What the task asks: Please restate all of the records word for word, setting the pictures aside.

§

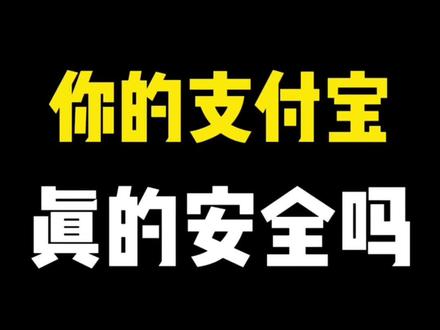 经常使用支付宝 一定要关闭这三个功能 #支付宝安全设置 #手机使用技巧 #手机安全设置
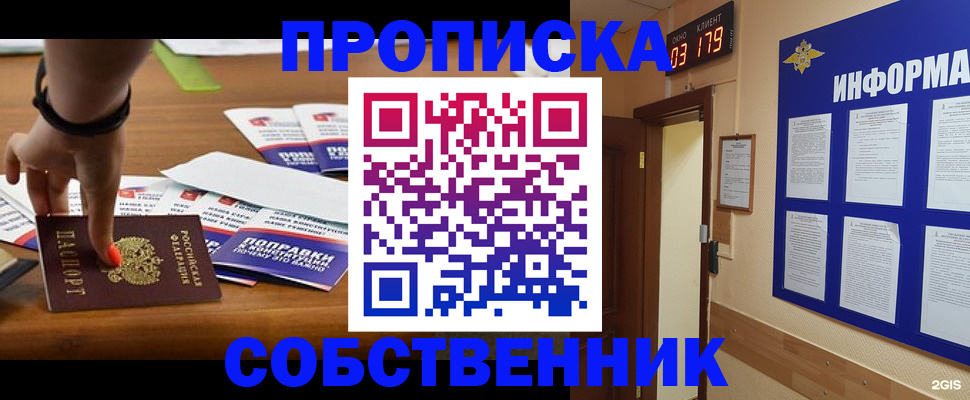 миграционный учет в Топках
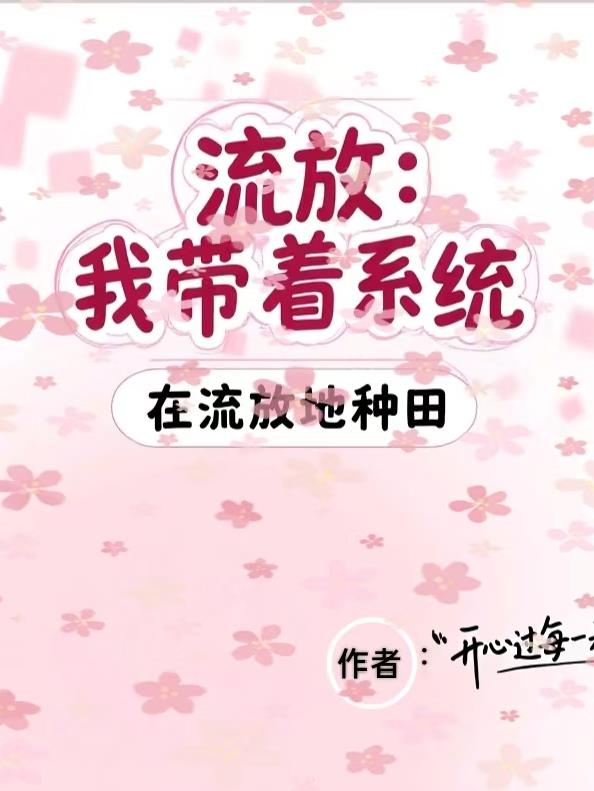 流放：我带着系统在流放地种田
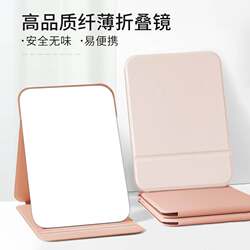Portable Makeup Mirror for Women, Small Vanity Mirror for Home Use, Desktop Office Foldable Mirror for Students and Dormitories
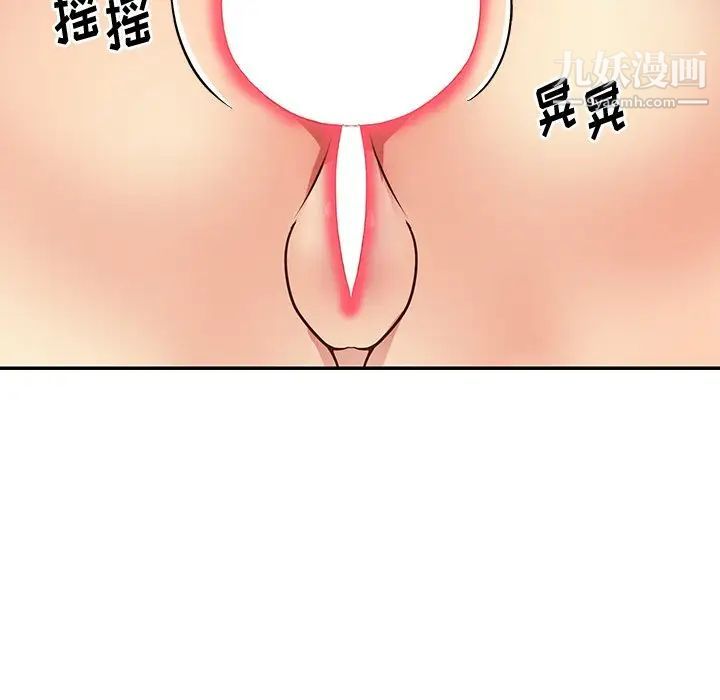 與兩姊妹的同居生活第41話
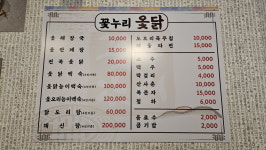 꽃누리옻닭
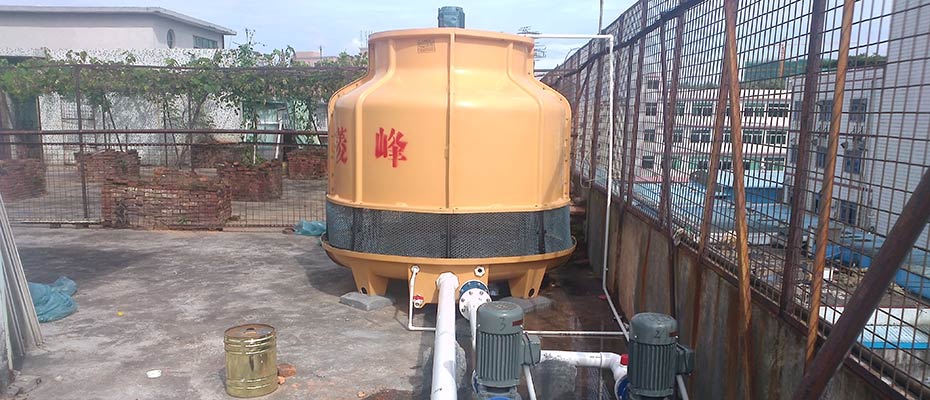 環(huán)?？照{(diào)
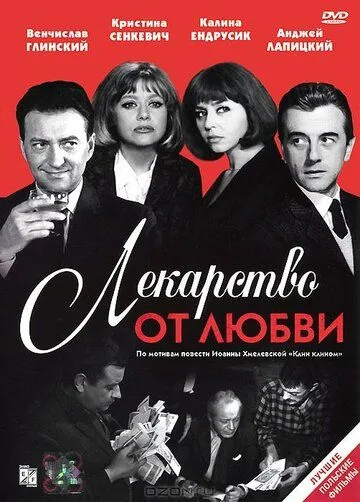 Лекарство от любви 1966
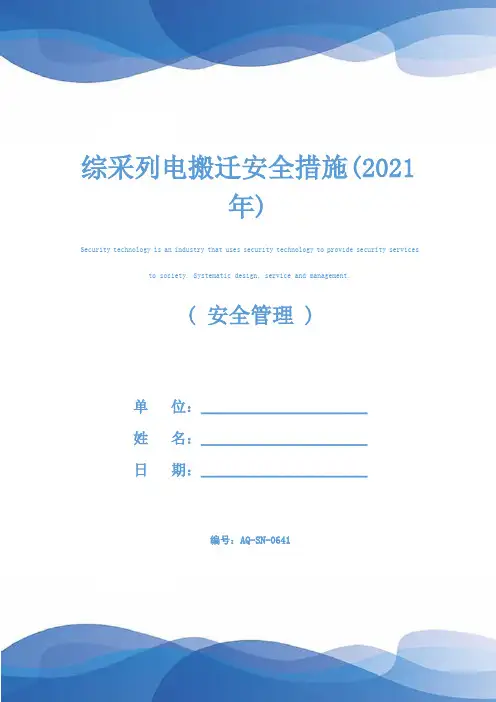 综采列电搬迁安全措施(2021年)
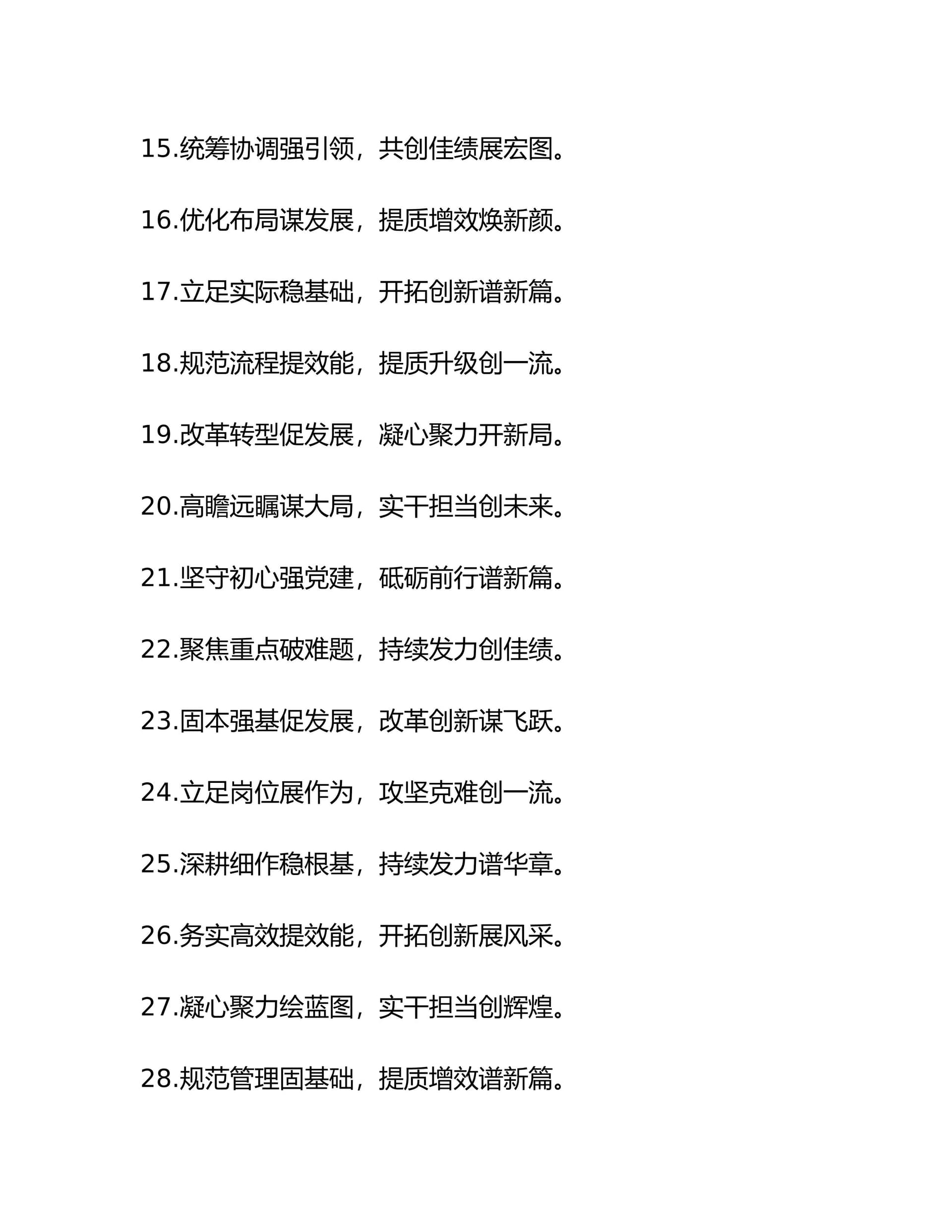 预览页面 2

§

Exercise result:
 经常使用支付宝 一定要关闭这三个功能 #支付宝安全设置 #手机使用技巧 #手机安全设置
 миграционный учет в Топках
 流放：我带着系统在流放地种田
Portable Makeup Mirror for Women, Small Vanity Mirror for Home Use, Desktop Office Foldable Mirror for Students and Dormitories
 與兩姊妹的同居生活第41話
 꽃누리옻닭
 環(huán)?？照{(diào)
 Лекарство от любви 1966
 综采列电搬迁安全措施(2021年)
 预览页面 2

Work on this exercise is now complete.